ChatGPT passes US Medical Licensing Exam

"AIs are now positioned to soon become ubiquitous in clinical practice, with diverse applications across all healthcare sectors."

Joshua Young North Carolina

ChatGPT, the artificial intelligence chatbot that responds to user questions and prompts in a conversational manner and with comprehensive data, recently passed the US Medical Licensing Exam (USMLE), the standard test qualifying someone to practice medicine.

The Daily Mail reports that the tech company AnsibleHealth conducted the study and their researchers said, "Reaching the passing score for this notoriously difficult expert exam, and doing so without any human reinforcement, marks a notable milestone in clinical AI maturation."

The researchers wrote that ChatGPT "possesses the partial ability to teach medicine by surfacing novel and nonobvious concepts that may not be in the learners' sphere of awareness" and "AIs are now positioned to soon become ubiquitous in clinical practice, with diverse applications across all healthcare sectors."

AnsibleHealth also had the service write up their report. ChatGPT has been banned by NYU and other schools in an effort to minimize students using the chatbot for plagiarism as it is so capable of writing comprehensive reports.

Spanning the three-part exam, ChatGPT, which stands for Chat Generative Pre-trained Transformer, scored between 52.4 and 75 percent, passing the 60 percent threshold. According to the Daily Mail, "USMLE Step 1 is usually taken at the end of the second year of medical school, Step 2 is taken in the fourth year, and Step 3 is taken after completing med school and the first year of residency."

The study findings were published in the PLOS Digital Health journal after being peer-reviewed.
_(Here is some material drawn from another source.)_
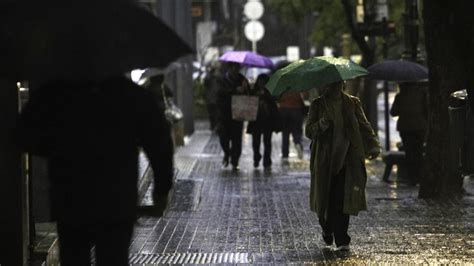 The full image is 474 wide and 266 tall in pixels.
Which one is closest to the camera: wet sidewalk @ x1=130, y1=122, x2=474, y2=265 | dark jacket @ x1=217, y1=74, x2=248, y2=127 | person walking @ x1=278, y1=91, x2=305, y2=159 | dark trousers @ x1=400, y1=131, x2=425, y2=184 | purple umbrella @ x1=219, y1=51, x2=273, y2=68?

The USMLE has been used since 1992 and over 100,000 med students take the exam.

ChatGPT's test results were compared to those from PubMedGPT, "a counterpart model trained exclusively on biomedical domain literature." PubMedGPT scored 50.8 percent although the questions provided were from an older USMLE dataset.

Chat GPT has also passed an exam at the Wharton School of Business at the University of Pennsylvania.

On February 1, the makers of ChatGPT, San Francisco-based company OpenAI, announced a subscription-based premium version of the service with new features, a faster response time, and access to subscribers at peak hours.

According to OpenAI's website, "The new subscription plan, ChatGPT Plus, will be available for $20/month, and subscribers will receive a number of benefits: General access to ChatGPT, even during peak times, Faster response times, Priority access to new features and improvements"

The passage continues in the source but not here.